Cold Fear Ran Through Me As I Sat In The ER Waiting Room

By Hope MartinPublished about a year ago 7 min read
Terror In The ER Waiting Room Reminds Me Why I Am Pro-Choice
Photo by Marcelo Leal on Unsplash

It Took Me Two Weeks.

The pressure in my pelvis was dismissed as a symptom of my PCOS for two weeks before I gave in and decided to go to a doctor. I had a rough menstrual cycle at the beginning of September, so I figured I had an active cyst. No big deal, since I am very familiar with the process of 'riding it out.'

The Urgent Care Visit Yeilded No Results

When the pressure built into a gradually worsening pain, I sighed in defeat and scheduled some 'self-care' time. I tried to wait it out until Tuesday since I had an appointment to (finally) get a new primary care physician. As someone who has experienced a few cysts in her lifetime on her ovaries, as well as some gnarly UTIs, I "knew" it was nothing major.

Until the NP told me I didn't have a UTI. And they were limited in what else they could do to diagnose what could be causing the pain. That's when the worry set in. Not for me. I was honestly just eager to get back home and get back to my daily never-ending to do list. But people who cared about me weren't happy. I was dismissive of the NP's suggestion of going to the ER to get a scan, for various reasons.

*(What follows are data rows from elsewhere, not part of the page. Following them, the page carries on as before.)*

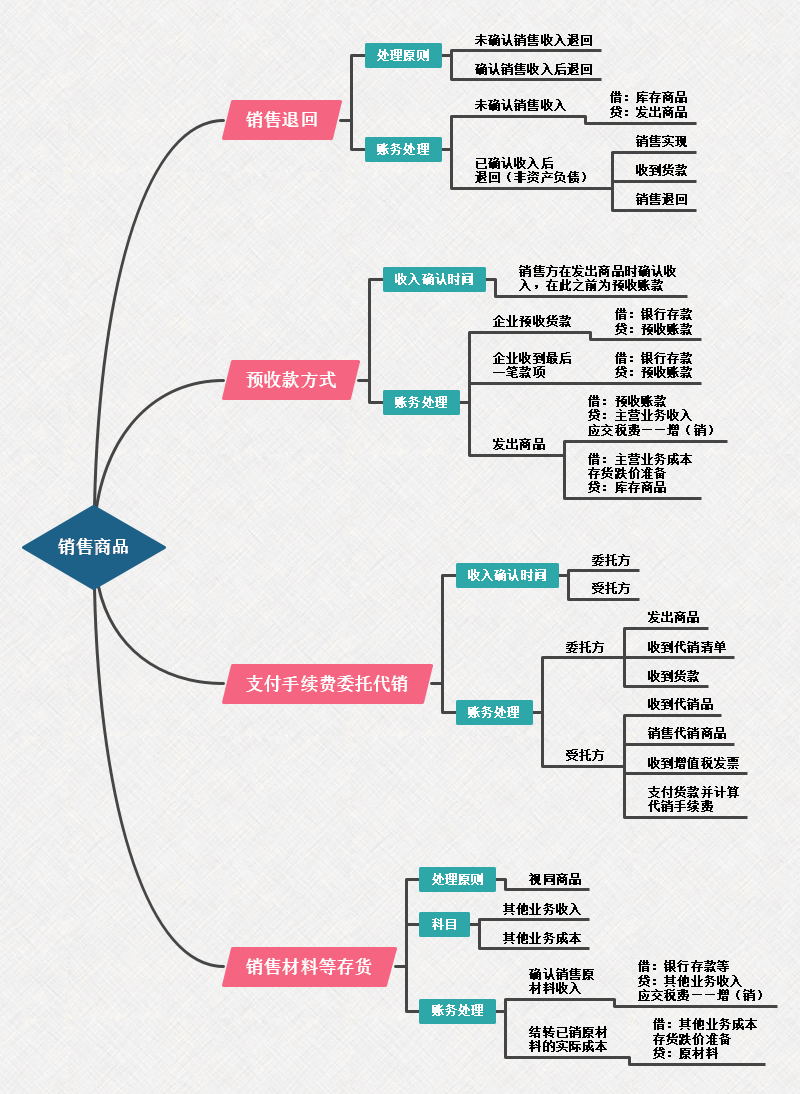 初级会计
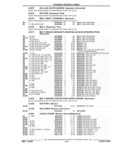 Previous Page - Parts and Illustration Catalog 44J October 1989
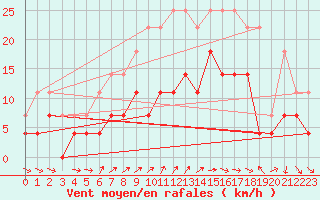 Courbe de la force du vent pour Kjeller Ap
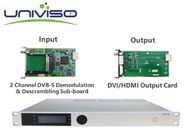 HD Demodulation Integrated Receiver Decoder, Dekoder Digital Satelit Profesional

One of them was that I didn't take her seriously as a medical professional.

When you have a 'doctor' or a 'nurse practitioner' who acts like she thinks you have a transmittable disease you're about to intentionally spit in her eye with, and can't bring herself to do a proper examination on you, you tend to think that particular medical professional is a Quack.

I dismissed her words, because quite frankly, if you're a doctor and you're not worried enough to properly even check me over then she must not be worried about me enough to think I need real medical care.

"You don't have a UTI. You could go get a CT Scan or an ultrasound at the ER though."

"Well. I think I'm okay. I was just worried about the UTI. I'll be fine I think, it's probably just a cyst then."

"Eh... you might need to go get it checked out better. But yeah. You're good to go for now. Sorry, there's not much else I can do."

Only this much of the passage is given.